Our Streets, Our Stories: A Case Study

The Concept


Our Streets, Our Stories is an ongoing oral history project run by the Brooklyn Public Library. The program aims to collect the personal stories of community residents throughout Brooklyn neighborhoods through recorded interviews.

As an Our Streets, Our Stories volunteer responsible for conducting interviews, I initially set out to design a web-based solution for making the audio recording process easier for volunteers such as myself. As I started the design process, I considered the following three objectives:

  1. Create an easier way to record and upload audio content and associated digital media, such as family photographs, from volunteers’ own mobile devices.
  2. Improve site visitors’ access to the program’s rich trove of digital content by designing a new website with enhanced searching, browsing and discoverability.
  3. Create a platform other libraries and organizations can use for oral history projects in their own communities.

Understanding Users


Three personas: A volunteer persona, a site visitor persona, and a librarian/administrator persona.

My first task was to understand the site’s likely users. I determined three probable categories of users: 1) volunteers responsible for recording interviews; 2) site visitors interested in accessing the program’s digital content; and 3) librarians and administrators.

I conducted user research in the form of an interview and a questionnaire and drew from my own experience as a volunteer to create personas.

Key insights at this stage:

  • My likely visitors have entirely different goals in visiting the site.
  • Users’ age range varies widely, from 20-something to retirement age and beyond.
  • Given the above, and to make the project feasible, I decided at this point to focus design efforts on the volunteer experience only.

Refining the Concept


Next deliverables: Diagramming the volunteer experience with an experience map and a flow diagram.

Next, I created a series of deliverables to map out the volunteer experience in using the site. My experience map diagrammed the volunteer journey at a high level; a flow diagram defined a specific set of tasks and accompanying decision points I thought users would follow; and a storyboard told the volunteer’s story in the form of hand-drawn comic panels.
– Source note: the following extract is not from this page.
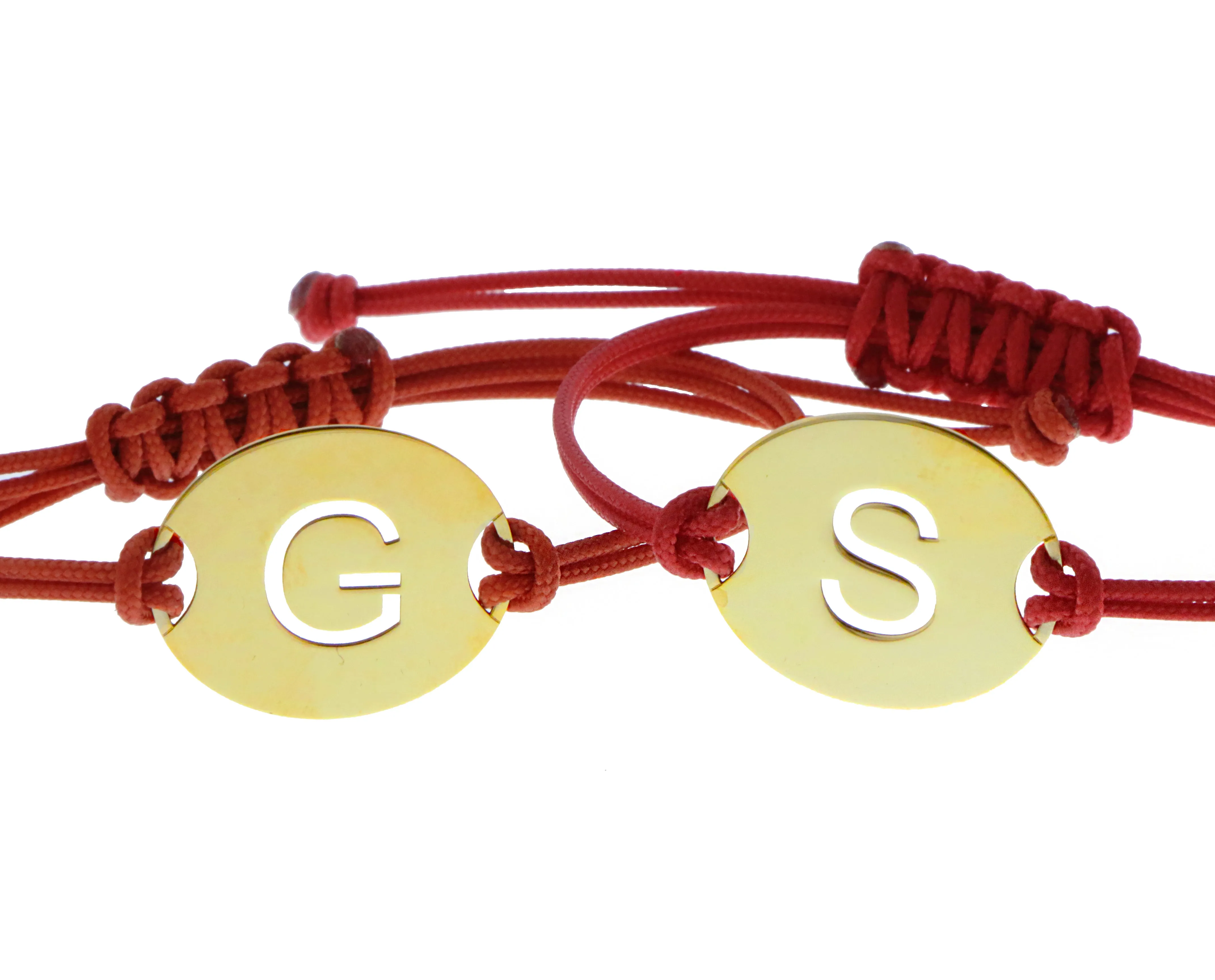 Rope bracelet with coin letter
At this stage, I also started sketching concepts for the site’s screens across desktop and mobile in the form of paper prototypes.

Key insights at this stage:

  • In my initial sketches, I leaned towards creating a structured, stepped experience to guide volunteers through the interview process. The screens resembled a checkout wizard, with explicitly numbered and sequenced steps.
  • My early user testers felt the number of steps or screens in my paper prototype didn’t reflect the actual complexity of the tasks at hand. I realized I needed to simplify, both in terms of the task complexity and the terminology I was experimenting with.

Further Refining the Concept


My final high fidelity digital prototypes: mobile version on the left, desktop version on the right.

In this stage, I created a first set of digital wireframes; went back to the drawing board to sketch additional paper prototypes; and further refined and finalized my wireframes to create a high-fidelity digital prototype. I also created a visual design scheme for the site by designing a site logo, creating page layouts, and choosing fonts and colors for text and navigation elements.

Key insights at this stage:

  • As I moved from paper sketches to digital, I decided my initial “checkout wizard” approach was too overly structured. After some iterating, I eventually switched to a “content studio” metaphor to give volunteers freedom to go out of sequence while conducting interviews (while still providing structure to the experience as well as a recommended sequence).
  • I realized I had to design both a public facing “front” to the site as well as a password-protected “back” side. I came up with a name for the password-protected area: Recording Studio.  And I created a logo and distinct design scheme for it as well.
  • I considered how layouts and navigation should differ across the site’s desktop and mobile versions. For example, the desktop version has a top navigation bar with buttons, while in the mobile version, the navigation is condensed into a hamburger menu. I used lightbox effects in the desktop version to focus attention on the smaller dialog windows but this wasn’t necessary in the mobile.